Arrivata a La Spezia
la nave ospedale “Vulcano”
con i bambini di Gaza

Il ministro degli Esteri Antonio Tajani in occasione dell’arrivo della nave Vulcano della Marina al ...
05 febbraio 2024

È approdata questa mattina al porto di La Spezia la nave ospedale della Marina militare italiana “Vulcano”, che ha portato in Italia un secondo gruppo di bambini feriti e ammalati provenienti da Gaza. La nave era partita venerdì scorso da Al-Arish in Egitto dove i bambini erano stati condotti dopo aver attraversato il valico di Rafah.

Ad accoglierli sulla banchina il ministro degli Esteri italiano, Antonio Tajani, e il vicario di Terra Santa, padre Ibrahim Faltas, che ha seguito il progetto fin dal suo inizio, coordinandosi con le istituzioni egiziane, palestinesi e israeliane, risolvendo molte difficoltà logistiche.

Scendendo dalla nave, dopo aver salutato i bambini e i loro accompagnatori, padre Ibrahim ha spiegato a «L’Osservatore Romano»: «È un giorno di grande gioia per la riuscita di questa operazione, ma anche di profonda tristezza nel vedere le condizioni miserabili in cui questi giovani sono arrivati.
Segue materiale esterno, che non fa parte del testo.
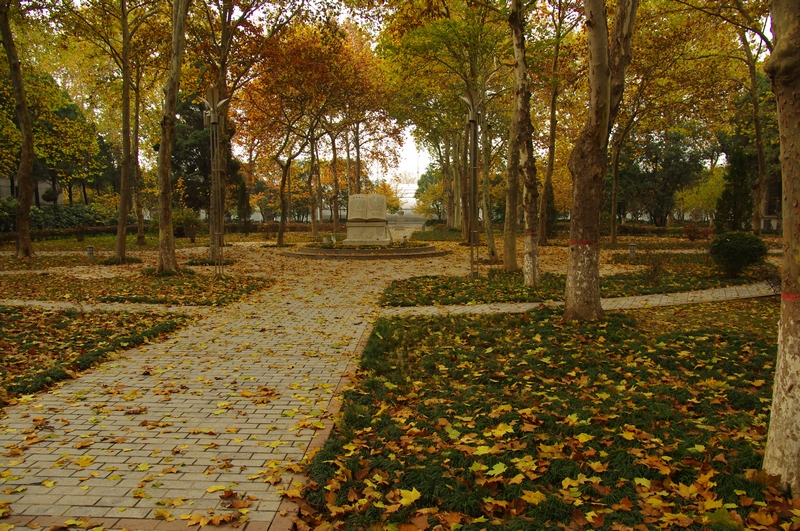 IMGP3463.jpg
Alcuni di loro sono effettivamente molto gravi, e subito le ambulanze li hanno trasferiti negli ospedali più vicini che partecipano all’operazione, come il Meyer di Firenze e il Gaslini di Genova. Ancora una volta l’Italia ha mostrato il suo volto migliore e la sua vocazione al soccorso umanitario, e di questo voglio ringraziare, insieme a tutte le autorità militari e civili che hanno collaborato, il ministro Tajani che li rappresenta tutti».

Il numero di bambini che richiederebbe un urgente trasferimento fuori da Gaza è molto alto e si auspica che — data anche la disponibilità espressa da diversi altri ospedali italiani — questi primi arrivi costituiscano solo l’avvio di un’operazione di più larga portata. La continuazione dei bombardamenti nel sud della Striscia e la possibilità ventilata nelle ultime ore che possano estendersi anche a Rafah rende ora tutto più difficile. «Questa mattina ho vissuto momenti di intensa commozione — continua padre Ibrahim —: dal bambino più piccolo di soli 4 mesi ad uno di 18 mesi, arrivato qui da solo perché ha perso tutti. Ai tanti che mi hanno raccontato di essere stati estratti dalle macerie delle loro abitazioni. Purtroppo tra gli operatori nessuno parlava arabo e quindi si sono subito affezionati alla mia presenza. Non volevano che me ne andassi. Un piccolino mi chiamava “papà”. Dobbiamo assolutamente continuare questa operazione, c’è ancora tanta sofferenza a Gaza che non trova ascolto».